Exercise ::
Below are the records; collect from them each line containing the string "Baby".

Material for this task ::
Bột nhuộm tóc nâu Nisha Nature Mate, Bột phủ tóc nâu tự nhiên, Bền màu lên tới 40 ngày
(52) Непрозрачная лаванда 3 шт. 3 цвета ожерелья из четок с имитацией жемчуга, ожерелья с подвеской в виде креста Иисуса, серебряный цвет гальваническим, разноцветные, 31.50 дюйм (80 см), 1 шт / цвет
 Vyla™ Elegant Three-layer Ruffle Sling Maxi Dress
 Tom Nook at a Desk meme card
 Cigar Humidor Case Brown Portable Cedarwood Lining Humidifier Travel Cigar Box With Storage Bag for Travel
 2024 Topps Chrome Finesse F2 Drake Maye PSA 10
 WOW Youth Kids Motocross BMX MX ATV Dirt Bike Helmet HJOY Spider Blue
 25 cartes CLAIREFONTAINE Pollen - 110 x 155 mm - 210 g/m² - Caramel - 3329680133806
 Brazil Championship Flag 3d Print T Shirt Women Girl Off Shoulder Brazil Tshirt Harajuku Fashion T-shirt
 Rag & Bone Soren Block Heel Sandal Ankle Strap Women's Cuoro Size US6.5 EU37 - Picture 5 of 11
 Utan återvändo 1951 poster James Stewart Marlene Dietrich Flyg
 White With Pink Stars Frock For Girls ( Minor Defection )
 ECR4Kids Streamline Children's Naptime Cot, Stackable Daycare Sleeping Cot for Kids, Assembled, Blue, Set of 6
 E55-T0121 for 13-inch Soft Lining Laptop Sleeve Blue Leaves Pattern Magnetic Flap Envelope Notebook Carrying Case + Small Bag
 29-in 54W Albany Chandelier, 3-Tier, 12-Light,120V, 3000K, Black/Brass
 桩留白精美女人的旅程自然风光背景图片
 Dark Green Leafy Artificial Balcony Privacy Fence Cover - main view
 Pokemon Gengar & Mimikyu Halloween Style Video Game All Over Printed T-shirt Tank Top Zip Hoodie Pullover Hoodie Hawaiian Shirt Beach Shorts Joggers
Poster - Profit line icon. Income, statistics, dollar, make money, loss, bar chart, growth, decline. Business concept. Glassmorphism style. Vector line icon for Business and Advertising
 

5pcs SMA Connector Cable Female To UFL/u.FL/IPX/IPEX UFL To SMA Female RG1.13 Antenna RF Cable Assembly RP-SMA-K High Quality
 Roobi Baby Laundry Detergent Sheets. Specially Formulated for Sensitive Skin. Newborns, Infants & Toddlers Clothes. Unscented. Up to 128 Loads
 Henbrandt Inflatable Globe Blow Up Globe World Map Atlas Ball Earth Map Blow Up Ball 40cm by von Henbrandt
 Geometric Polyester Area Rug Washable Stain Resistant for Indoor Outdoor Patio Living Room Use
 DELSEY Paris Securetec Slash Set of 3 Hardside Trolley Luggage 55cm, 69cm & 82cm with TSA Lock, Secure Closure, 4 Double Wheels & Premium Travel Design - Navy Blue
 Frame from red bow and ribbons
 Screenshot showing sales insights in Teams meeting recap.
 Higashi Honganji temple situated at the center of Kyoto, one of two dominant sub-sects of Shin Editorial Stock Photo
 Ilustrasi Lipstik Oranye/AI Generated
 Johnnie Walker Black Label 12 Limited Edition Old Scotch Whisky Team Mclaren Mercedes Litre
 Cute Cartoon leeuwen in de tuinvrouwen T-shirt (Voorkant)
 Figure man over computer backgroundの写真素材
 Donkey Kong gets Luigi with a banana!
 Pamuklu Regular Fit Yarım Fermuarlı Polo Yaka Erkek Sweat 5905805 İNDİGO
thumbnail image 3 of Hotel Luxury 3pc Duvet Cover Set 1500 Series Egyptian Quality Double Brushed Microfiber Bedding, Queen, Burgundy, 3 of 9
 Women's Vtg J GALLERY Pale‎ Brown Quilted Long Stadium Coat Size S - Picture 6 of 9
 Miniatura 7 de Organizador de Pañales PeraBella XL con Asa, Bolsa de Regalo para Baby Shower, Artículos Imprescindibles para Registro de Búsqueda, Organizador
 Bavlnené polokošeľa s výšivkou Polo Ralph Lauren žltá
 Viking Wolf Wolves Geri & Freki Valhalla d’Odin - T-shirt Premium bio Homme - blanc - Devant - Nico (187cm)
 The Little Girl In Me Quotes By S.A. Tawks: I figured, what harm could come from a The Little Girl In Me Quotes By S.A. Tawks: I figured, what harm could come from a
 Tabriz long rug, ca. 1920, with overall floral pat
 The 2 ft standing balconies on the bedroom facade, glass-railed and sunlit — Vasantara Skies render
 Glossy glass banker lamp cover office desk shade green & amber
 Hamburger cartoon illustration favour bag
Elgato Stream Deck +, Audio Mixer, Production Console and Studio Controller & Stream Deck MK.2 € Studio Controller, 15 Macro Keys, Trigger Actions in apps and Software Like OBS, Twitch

Output of the task ::
 Roobi Baby Laundry Detergent Sheets. Specially Formulated for Sensitive Skin. Newborns, Infants & Toddlers Clothes. Unscented. Up to 128 Loads
 Miniatura 7 de Organizador de Pañales PeraBella XL con Asa, Bolsa de Regalo para Baby Shower, Artículos Imprescindibles para Registro de Búsqueda, Organizador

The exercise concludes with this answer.